= RAW DATA =
○ ○ ○ ○ ○ ○ ○

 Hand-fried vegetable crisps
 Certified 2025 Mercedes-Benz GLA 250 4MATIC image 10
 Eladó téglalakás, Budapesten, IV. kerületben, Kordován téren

○ ○ ○ ○ ○ ○ ○

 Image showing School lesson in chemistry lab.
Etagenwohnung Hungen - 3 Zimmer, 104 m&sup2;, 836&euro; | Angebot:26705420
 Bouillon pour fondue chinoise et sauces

○ ○ ○ ○ ○ ○ ○

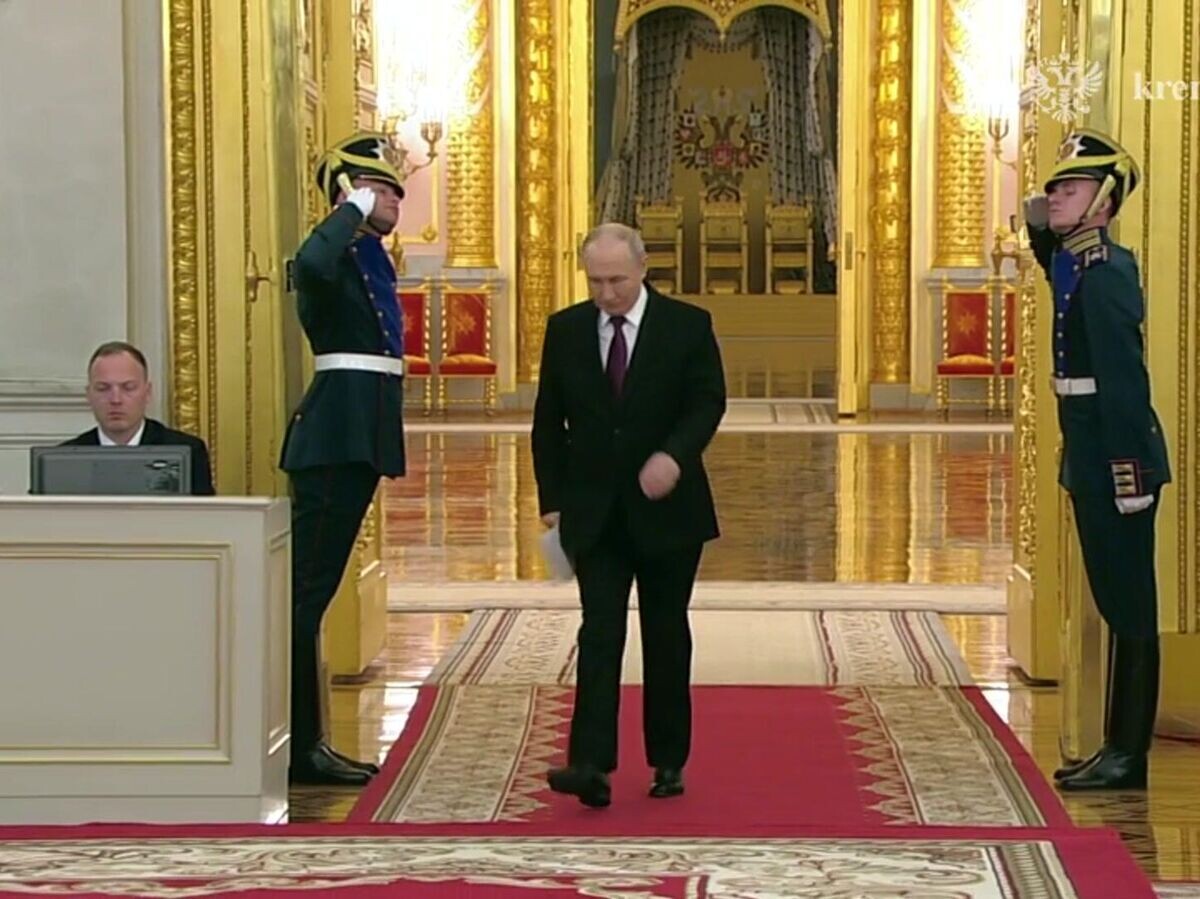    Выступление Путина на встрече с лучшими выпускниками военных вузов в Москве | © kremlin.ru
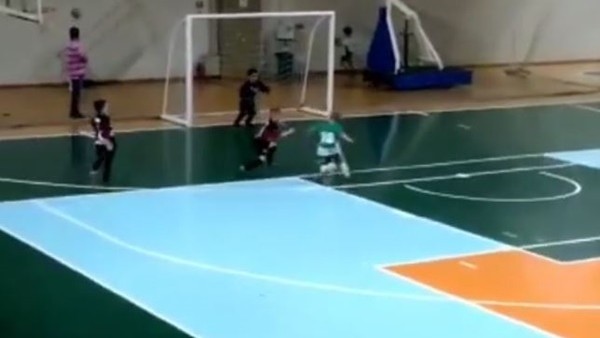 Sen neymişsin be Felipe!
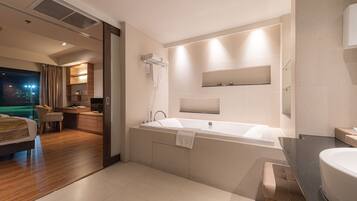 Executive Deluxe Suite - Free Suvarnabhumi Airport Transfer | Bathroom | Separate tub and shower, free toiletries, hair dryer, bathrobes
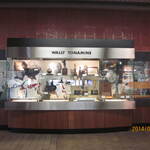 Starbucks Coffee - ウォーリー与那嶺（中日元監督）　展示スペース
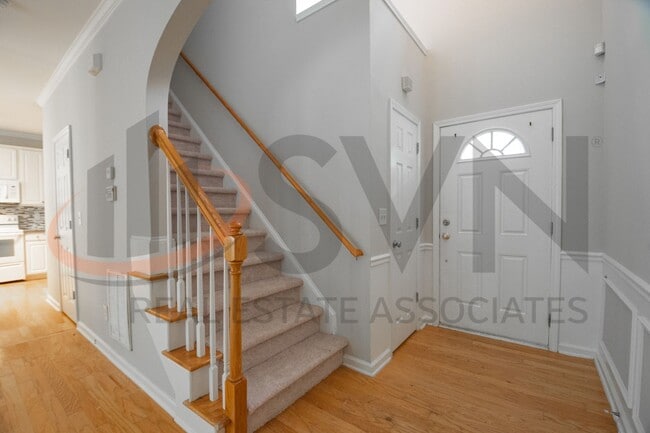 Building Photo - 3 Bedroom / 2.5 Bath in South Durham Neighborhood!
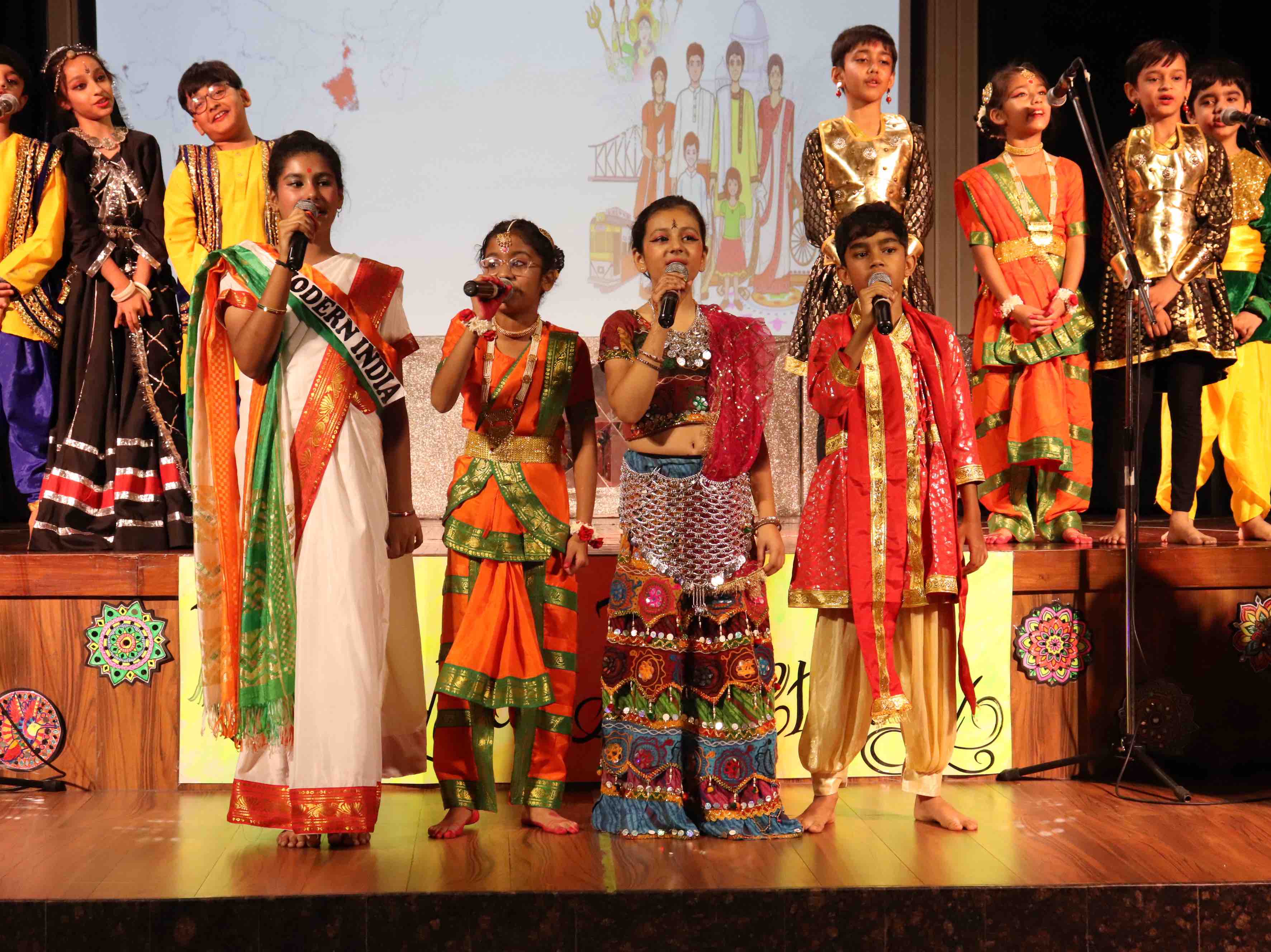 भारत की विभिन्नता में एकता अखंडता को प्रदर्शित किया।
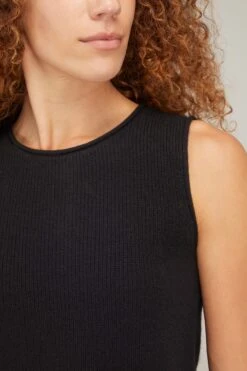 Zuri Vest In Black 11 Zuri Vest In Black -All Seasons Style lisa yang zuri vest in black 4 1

○ ○ ○ ○ ○ ○ ○

= YOUR ASSIGNMENT =
Set down, exactly as they appear above, all lines from the one that has "Hand-fried vegetable crisps" down to the one that has "Eladó téglalakás, Budapesten, IV.", including those two and no others.

= EXERCISE RESPONSE =
 Hand-fried vegetable crisps
 Certified 2025 Mercedes-Benz GLA 250 4MATIC image 10
 Eladó téglalakás, Budapesten, IV. kerületben, Kordován téren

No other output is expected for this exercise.